Douglas Jacobsen and (now deceased) Rodney J. Sawatsky have co-published a wondrous little book called Gracious Christianity: Living the Love We Profess (Baker, 2006). The book is short, but that won’t stop me from savoring each chapter with separate posts. I will admit that any book that sees the gospel in terms of God’s grace that prompts us to act in gracious ways strikes a note of resonance with me, and that is what I worked out in Embracing Grace. So, I admit I’m biased. But I’d be convinced even if I weren’t.
Grace, the authors say, is the experience of receiving God’s love, and graciousness is our externalizing a grace that is internalized in us. Here’s a very good point: graciousness is “love offered truly lovingly” (19). It is respectful; it is not smothering love; it is not invasive or overwhelming. And true graciousness also knows how to receive love because it is, after all, a graciousness that begins with God’s loving grace.
How do we become more gracious? Jacobsen/Sawatsky suggest, rather importantly, that it is more than habituation (which is the Aristotelian legacy in spiritual formation) and involves the reception of a deeper more penetrating theology. So they offer a theology for gracious Christianity.
Jacobsen/Sawatsky work first with the Jesus Creed (yep, they call it that), filter theology through that creed, and then they look into McLaren’s Generous Orthodoxy and conclude this introductory chp with a plea for Christians of all stripes to be more concerned with living out a gracious Christianity.
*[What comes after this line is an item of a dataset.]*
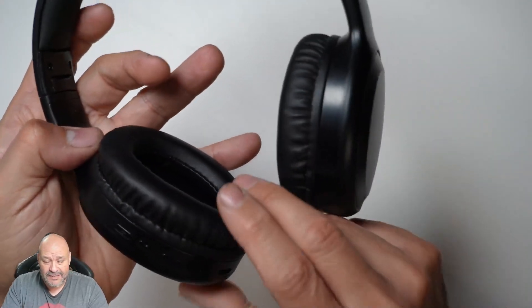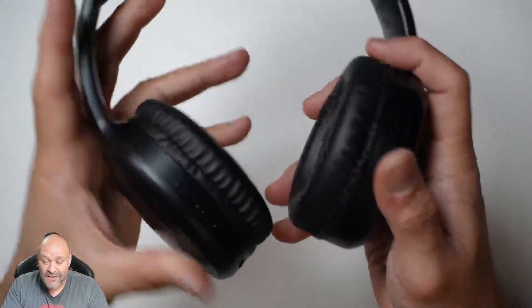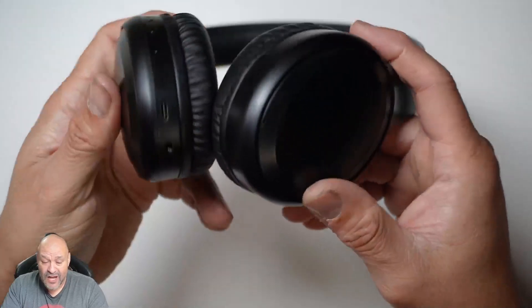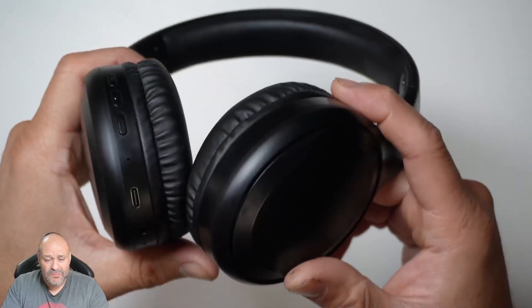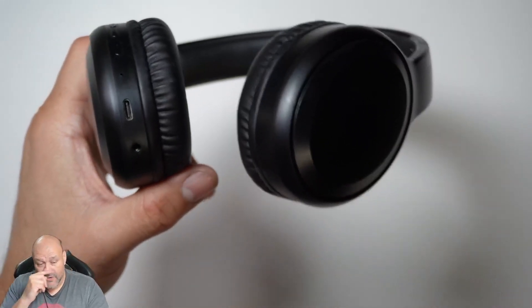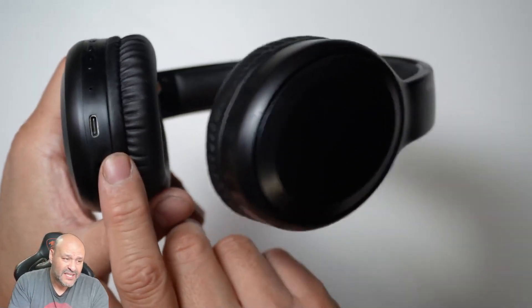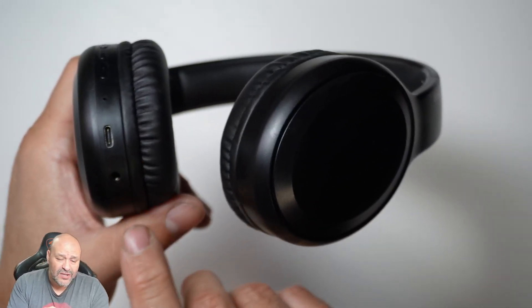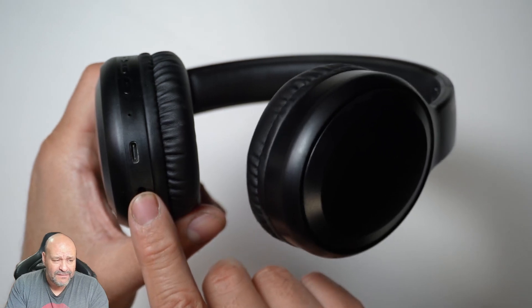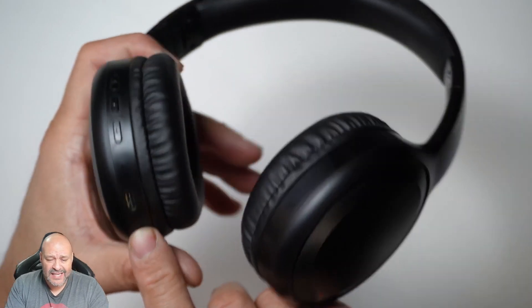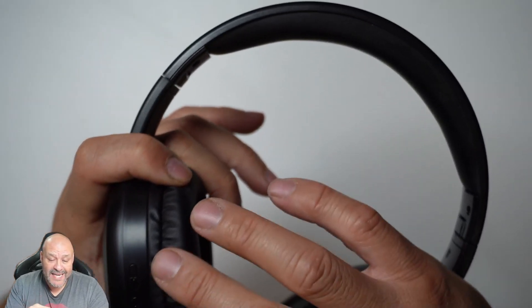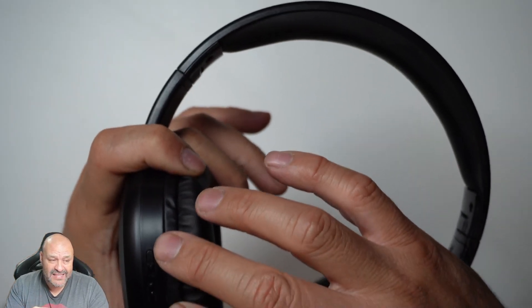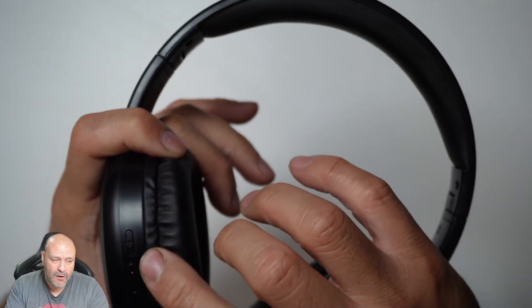These are very simple to turn on and very simple to use. You have Type C to charge them, a 3.5mm jack to connect it, and then the minus and plus buttons and the power button.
How about this for a stunning statement in the final paragraph to the first chp:
“Christians currently account for almost one-third of the world’s people, two billion out of a global population of just over six billion. If the faith professed by those two billion Christians became even a little more gracious, the dynamics of the world community could be changed dramatically for the better” (26).
“In fact, God has for the most part chosen to change the world by layering small grace upon small grace, and living graciously as Christians allows us to assist in that work.”